Author: Georges Duhamel (1884 - 1966)

Publisher: Mercure de France

Géographie cordiale de l'Europe, cover

Georges Duhamel had a short-lived career as a typesetter for the writer's circle L'Abbaye de Créteil. He would later become a successful literary critic, poet and playwright. During World War I- in which he performed over 2300 operations and cared for 4000 wounded as a doctor- he first established himself as a novelist. His work was characterised by its indefatigable idealism.
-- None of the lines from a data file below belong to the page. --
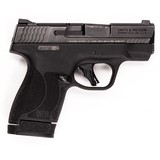SMITH & WESSON M&P9 SHIELD PLUS - 3 of 4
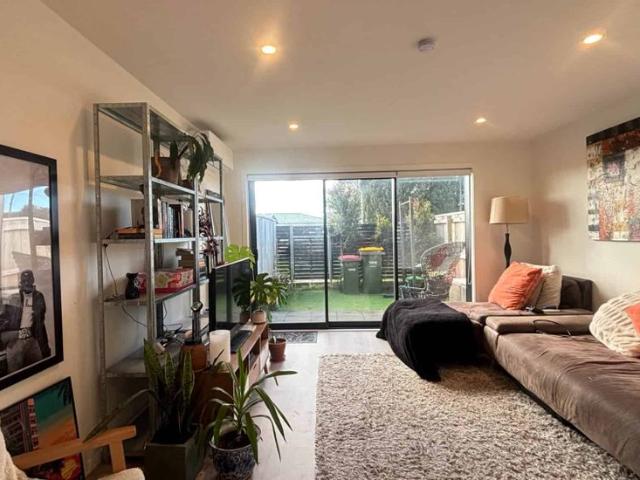 Townhouse for rent in Rapanui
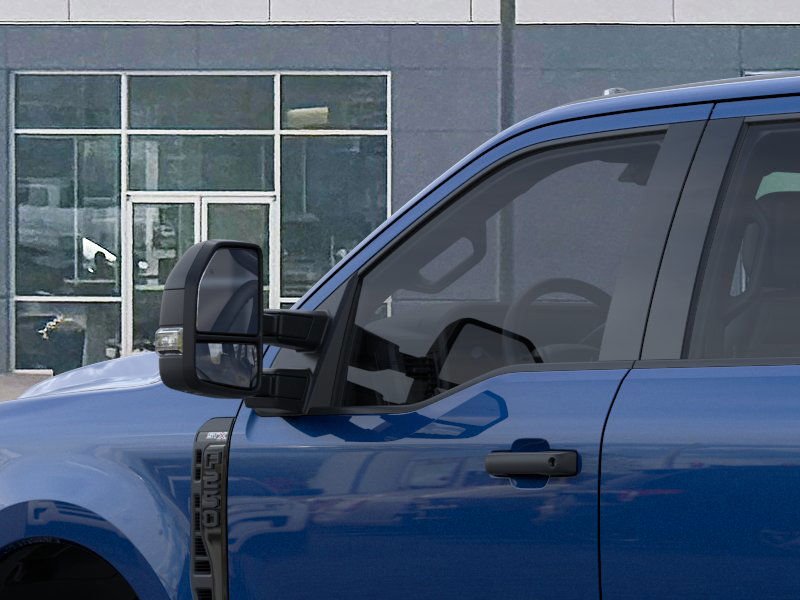 New 2026 Argon Blue Metallic Ford F-250® XL image 20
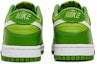 Details for (Kanak-Kanak) Nike Dunk Low 'Dark Chlorophyll' DH9765-301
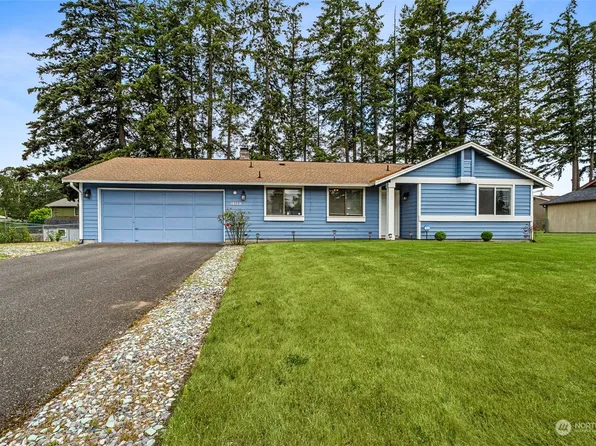16118 3rd Avenue Ct E, Tacoma, WA 98445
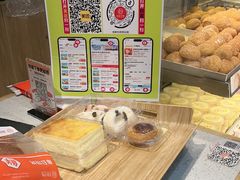 -拾味中点(泺文路店)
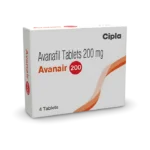 Avanair 200mg Tablet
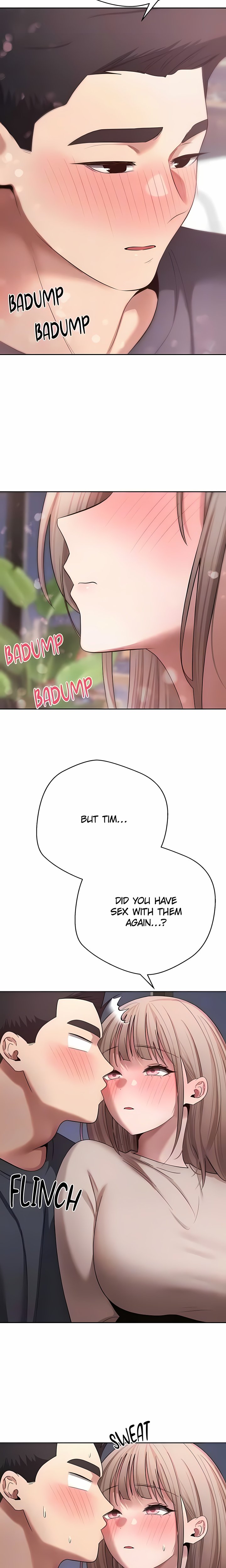 Turning My Life Around With Crypto (Official Uncensored) Chapter 73 - Page 7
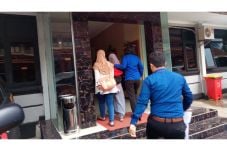 Tujuh Santri di Cimahi...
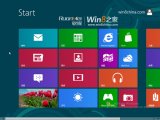 Опубликованы свежие скриншоты Windows 8 Release Preview и новых приложений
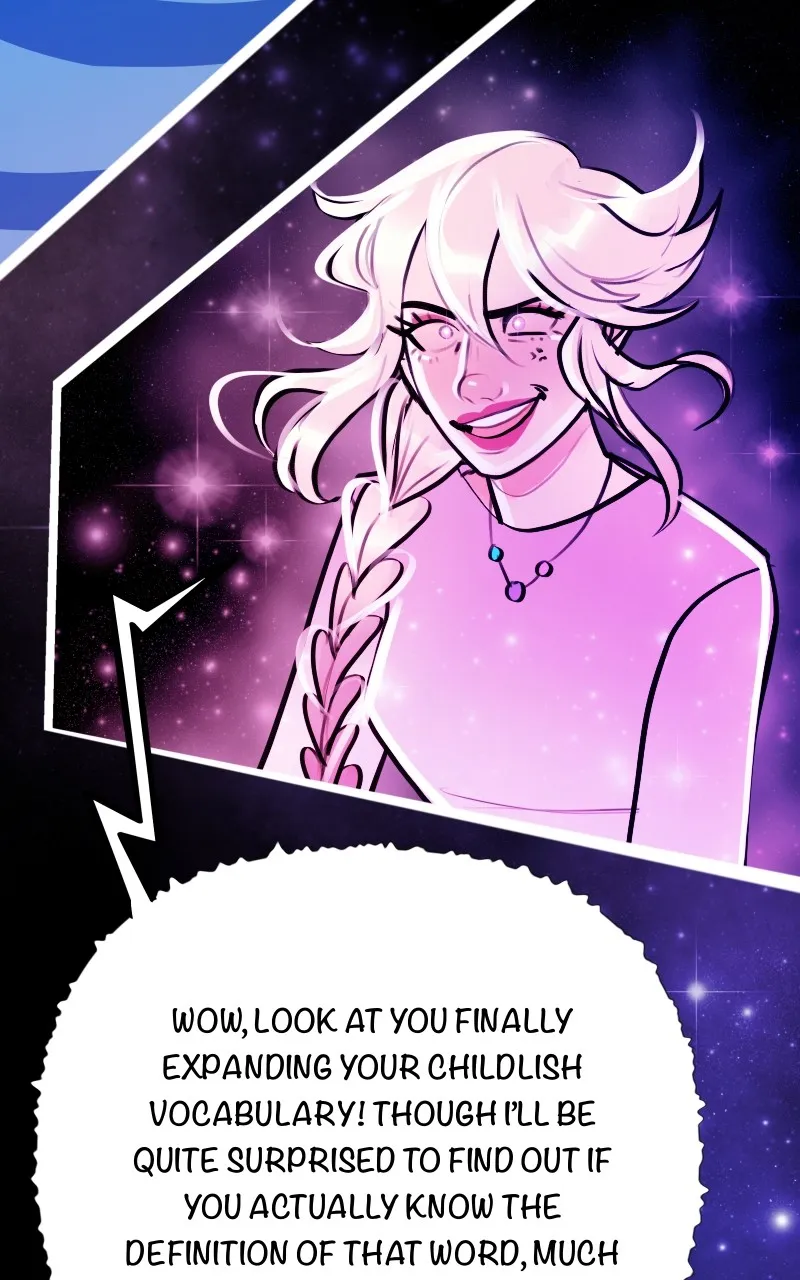 Star Catcher Chapter 41 page 52 - 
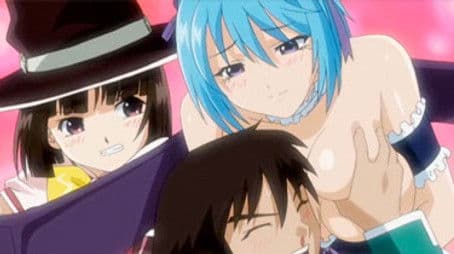 Lilith's Mirror and a Vampire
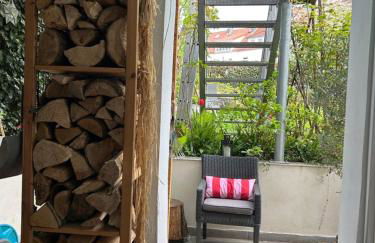 Apartment im Geteviertel - citynah - Foto 19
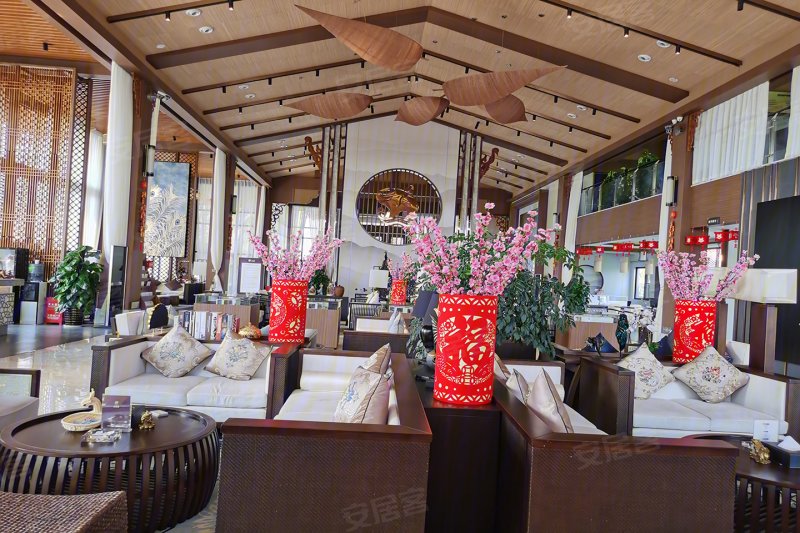 西双版纳版纳上河居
He testified to the moral collapse of his time in voluminous cycles of novels such as Vie et aventures de Salavin (1920-1932) and Chronique des Pasquier (1932-1945).

His work is generously represented in the Koopman Collection, mainly in deluxe editions on special paper, which in most cases bear personal dedications written by the author during his lecturing tours of the Netherlands. Koopman remembered the many occasions on which he discussed Duhamel's work with his fiancée Anny Antoine. They admired his compassion and his natural writing style.

Map of Holland (p. [85])

In Géographie cordiale de l'Europe, Duhamel wrote about Europe with affection: Greece, Finland and the Netherlands. Duhamel wrote that an archangel had visited the Netherlands to gain an impression of the works of God: the country was clean and orderly, the inhabitants looked happy and wise, in short: creation was a resounding success. But God complained that this happened to be the only place in the world he had hardly touched himself. Duhamel added that he also saw a different country when he looked at the Netherlands: the harbours of Rotterdam, which were far from idyllic, the destitute prostitution districts and the Amsterdam ghetto.

The chapter 'Suite hollandaise' had previously been published separately in 1925 by Éditions du Sablier, the publishing house of his former friend at the Abbaye, René Arcos. Six years later, the publication of Géographie cordiale de l'Europe was also in safe hands: Mercure de Paris, the publisher directed at the time by Duhamel's good friend Alfred Valette. The publications appeared in first editions of a few thousand copies.

Bibliographical description

Description: Géographie cordiale de l'Europe / Georges Duhamel. - Paris : Mercure de France, 1931. - 279 p. : ill. ; 18 cm

Printer: Marc Texier (Poitiers)

Edition: 2569 copies

This copy: Number 119 of 220 on Dutch Van Gelder

Bookbinder: Koninklijke Bibliotheek, National library of the Netherlands

Shelfmark: KW Koopm A 218

References

  • Arlette Lafay, La sagesse de Georges Duhamel. Paris, Minard, 1984
  • Le Mercure de France: Cent un ans d’éditions. Paris, Bibliothèque nationale de France, 1995
  • Louis Koopman: Anny Antoine, sa vie, nos conversations littéraires. [Amsterda, L.J. Koopman], 1968
  • Clemens de Wolf, '"Zoo'n Duhamel bv. vind ik, literair en menschelijk, een lapzwans'. Iets over het lezen van Franse literatuur in Nederland omstreeks 1930', in: Lezen in de Lage Landen. Studies over tien eeuwen leescultuur. Hilversum, Verloren, 2017, p. 197-203.